安倍政権としては、戦後五十年の村山談話、戦後六十年の小泉談話を含め、歴史認識に関する歴代内閣の立場を全体として引き継いでおり、今後も引き継いでいく考えであります。戦後七十年の談話は、それを前提として作成するものであります。
談話の内容については、さきの大戦への反省、戦後の平和国家としての歩み、今後、日本としてアジア太平洋地域や世界のために更にどのような貢献を果たしていくのか、次の八十年、九十年、百年に向けて日本はどのような国になっていくのかについて、世界に発信できるようなものを英知を結集して考え、新たな談話に書き込んでいく考えであります。
まずは、有識者会議を早期に立ち上げ、二十一世紀の世界の在り方、その中で日本が果たすべき役割等について大いに議論していただき、政府として検討していきたいと考えております。
さきの総選挙をどう総括するかについてお尋ねがありました。
さきの総選挙において、私たちは、この道しかないと訴えてまいりました。

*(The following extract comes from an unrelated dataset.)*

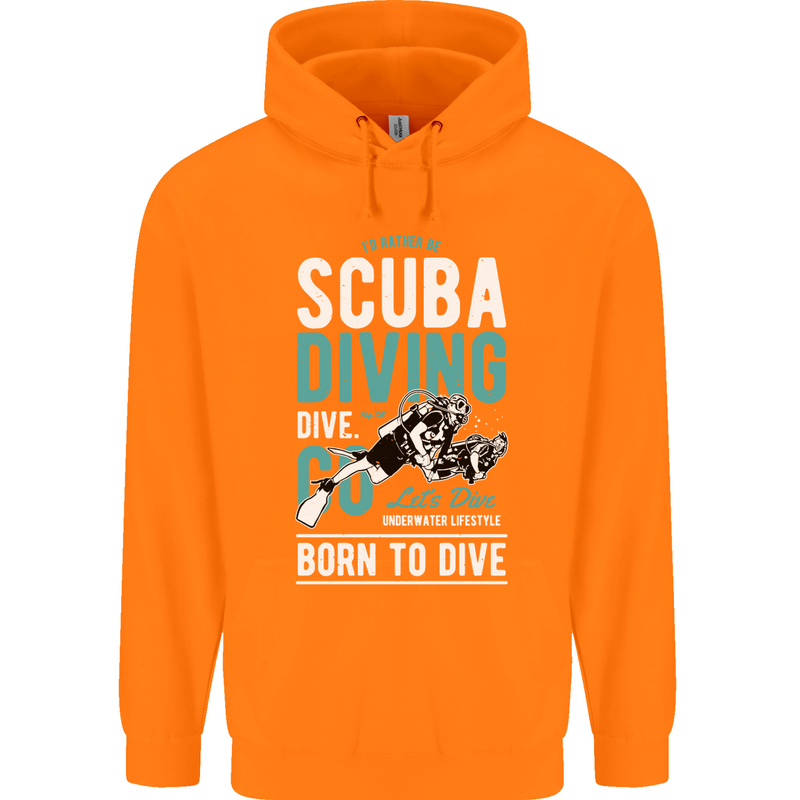 I'd Rather Be Scuba Diving Diver Funny Mens 80% Cotton Hoodie Orange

そして、再び連立与党で三分の二を上回る議席をいただけたことは、引き続きこの道を真っすぐに進んでいけと国民の皆様から力強く背中を押していただけたものと考えております。信任という大きな力を得て、選挙で国民の皆様にお約束した政策を一つ一つ確実に実現してまいります。国民の負託に応えるため、全力を尽くしてまいる所存でございます。

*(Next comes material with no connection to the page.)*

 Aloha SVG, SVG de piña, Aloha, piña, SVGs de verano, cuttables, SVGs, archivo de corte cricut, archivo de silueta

同時に、三分の二という議席の重さをかみしめ、今後、国民から、より一層厳しい目線が私たちに注がれていることを強く意識しなければなりません。私たちが数におごり、謙虚さを失うことがあれば、国民の支持は一瞬にして失われてしまうでしょう。これまで以上に緊張感を持ち、政府・与党が一体となり政権運営に当たってまいる決意であります。
消費税率引上げ延期と個人消費の予測についてのお尋ねがありました。
三本の矢の政策により、経済の好循環が確実に生まれ始めています。
他方、昨年四月の消費税率八%への引上げ等を背景に、個人消費等に弱さが見られ、実質GDP成長率は、昨年四—六月期から二四半期連続でマイナスとなりました。こうした状況も踏まえ、アベノミクスの成功を確かなものとするため、消費税率一〇%への引上げを十八か月延期することとしました。

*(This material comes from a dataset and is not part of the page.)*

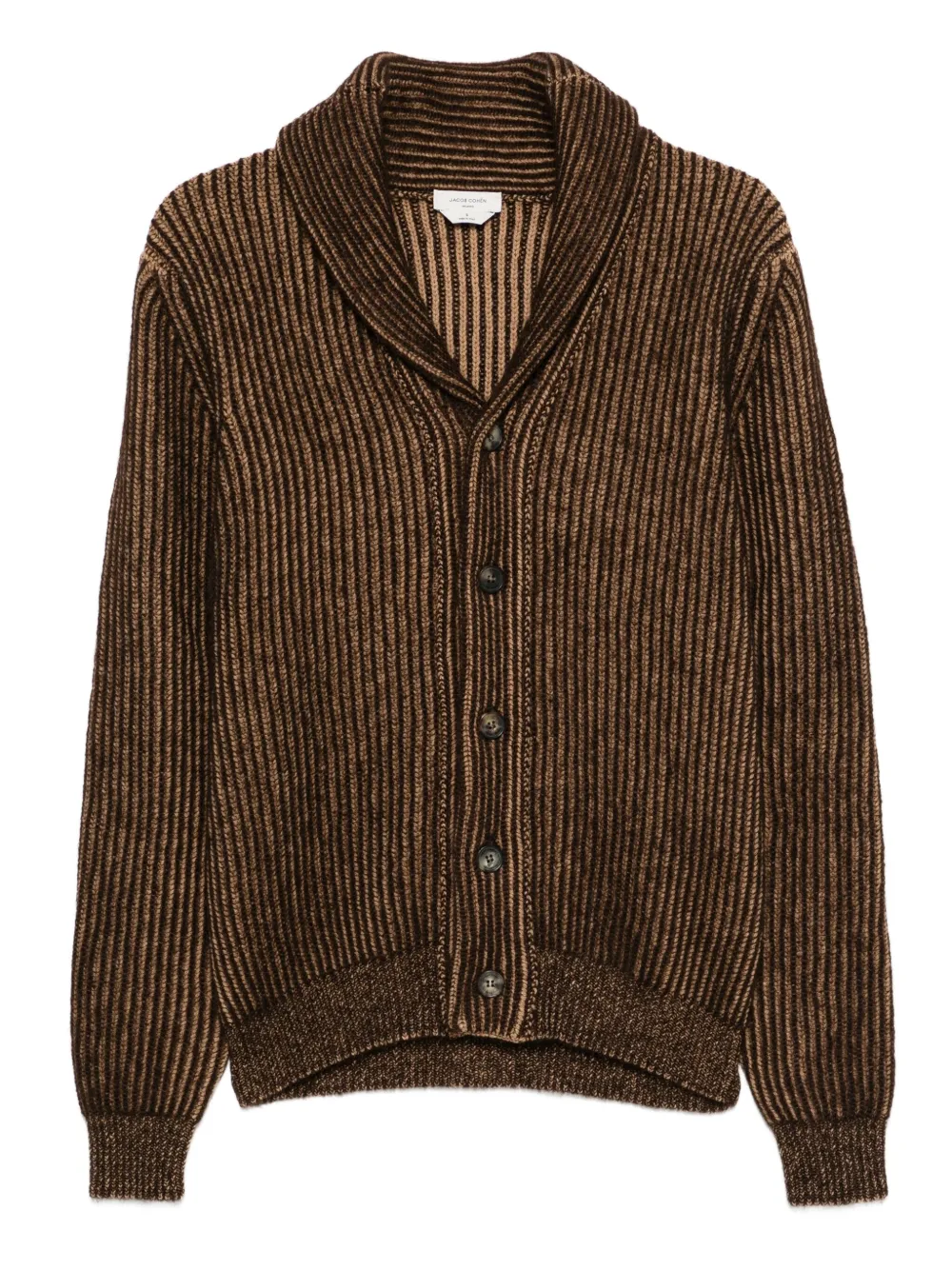 

Кардиган с воротником-шалькой и полосками Jacob Cohen, коричневый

昨日公表された昨年十—十二月期のGDP速報では、三四半期ぶりに実質GDPが前期比プラス成長となり、二四半期連続で個人消費が前期比プラスとなるなど、前向きな動きが見られ始めています。
また、今月閣議決定した政府経済見通しにおいては、平成二十七年度の我が国経済は、堅調な民需に支えられた景気回復が見込まれ、実質GDP成長率は一・五%程度、個人消費は二%程度の増加を見込んでおります。
平成二十九年四月の一〇%への引上げを確実に実施するため、経済運営に万全を期し、経済再生と財政健全化の両立を目指してまいります。
財政健全化への決意についてお尋ねがありました。
安倍内閣としては、経済再生と財政健全化の両立を目指しております。二〇二〇年度の財政健全化目標はしっかりと堅持し、その目標達成に向け、デフレから脱却し、経済再生により税収を増やす、無駄削減など徹底した行財政改革もしっかりやるなど、歳出歳入両面にわたり取り組んでまいります。社会保障についても、効率化、合理化や重点化を進めてまいります。本年夏までに目標達成に向けた具体的な計画を策定いたします。
農業改革についてお尋ねがありました。
農業は、日本の美しいふるさとを守ってきた国の基であり、一方で、我が国の農業の活性化は待ったなしです。農業の成長産業化を図るため、安倍内閣では、農地集積バンクの創設、輸出、六次産業化の推進、米の生産調整の見直しなど、農政改革に力を注いできました。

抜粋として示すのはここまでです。